とはいうものの(多少ゆるいところは見受けられますが)一つの方法論として
天国社さんのやり方は洗練されていると思います。
キャラクターのパンダを除いて。
(ああ、何で俺って一言多いんだろう か・・・(>_<))

(追記:2011年6月21日)
記事中で事例として天国社さんを挙げていますが、
この記事は天国社さんの品質を保証するものではありません。
葬儀社選びは自己責任にてお願いいたします。











3 件のコメント

  •  販売額から固定原価率で祭壇(生花)原価を決める旧来型と、固定費+スライドで販売額を決める近年型の対比ですね。私も社の今の料金体系を作るときに悩みました。
     祭壇料金の不明瞭さをなくすためには後者を選択するべきだと私も思い、現在はご存知のように後者です。
     しかし、両者の価格グラフの釣り合い点以下の規模については後者の方が高くなるわけですから、あまり低貯蓄層には優しくないのではないかというジレンマもあります。
     どちらにしろ、現在進行中の葬儀規模が縮小し続ける状態では、遅かれ早かれどの葬儀社も最低利益の確保できる後者型に変わっていくのでしょう。理由が透明性の確保でないところがこの業界の性(さが)なのかもしれません。

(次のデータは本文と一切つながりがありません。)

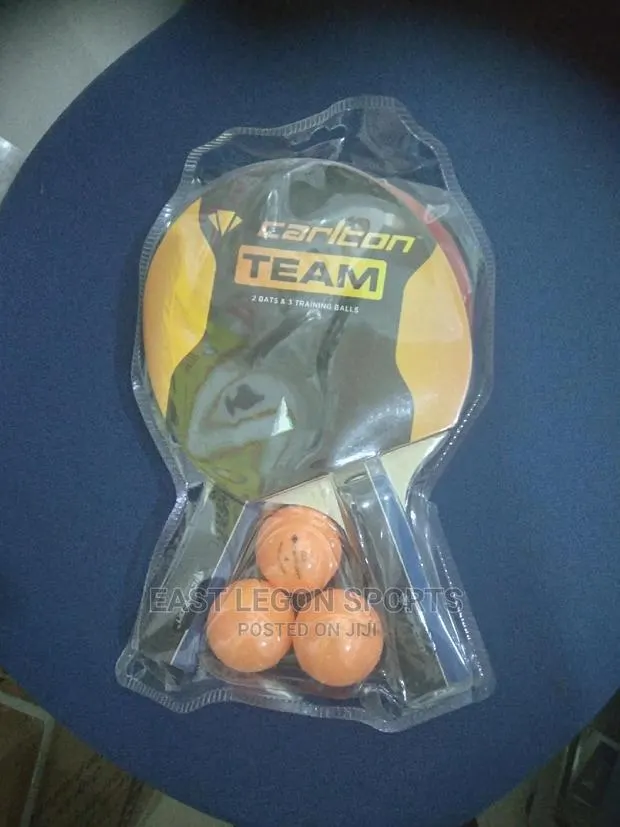 Carton 2 Tennis Bat and 3 Balls · Photo 1
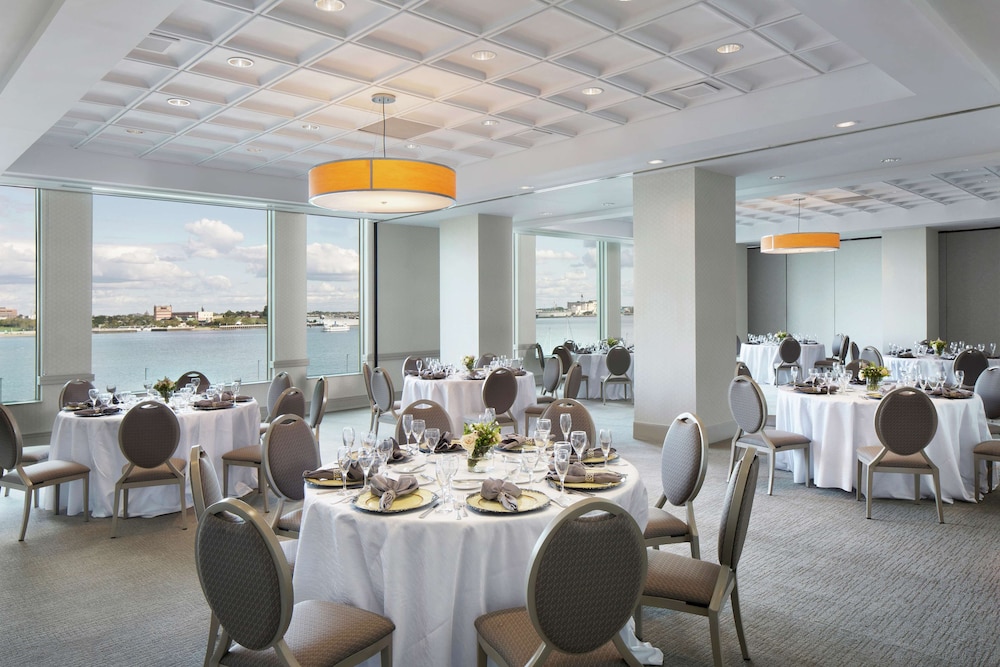 Hilton Philadelphia at Penn's Landing - photo 91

     ところで、あまり他社批判はしたくないのですがご紹介の企業はむしろ旧来型でしょう。パッケージ価格から周辺費用を除いて「祭壇価格」だけを分離すると、単純に祭壇規模の割合並みの価格差があるように思えます。もっと古いタイプの「ぶっこみいくら」というスタイルに近いだけではないでしょうか。
     ついでに、ここだけではありませんが、通常価格と会員価格の差を強調しておきながら通常価格の定価内訳を表示しない日本の葬儀業界体質は改まるべきでしょう。販売したい金額に値引きと称してインパクトのある価格を上乗せしているだけに過ぎません。

     今回は口うるさくてすみません。また私のHPにある間違いもご指摘ください。

  • 高見 晴彦 様、たびたびコメントありがとうございます。

    後半御指摘いただいている点はよく分かります。
    最初前半だけの理論のみの記事だったのですが、ちょっと事例も載せた方がいいかなと思い、探し出したのがこの葬儀社でした。

    たしかにご指摘いただいた点と
    電話で尋ねたときの先方の説明のたどたどしさから
    「多少ゆるいところは見受けられますが」
    の表現になったのですが(^^;)
    単純化してはいるものの、事例示すため、一応「価格帯の選択肢が絞り込まれている」ことと「画像を掲載し、祭壇のグレード差が分かりやすい」点を採りました。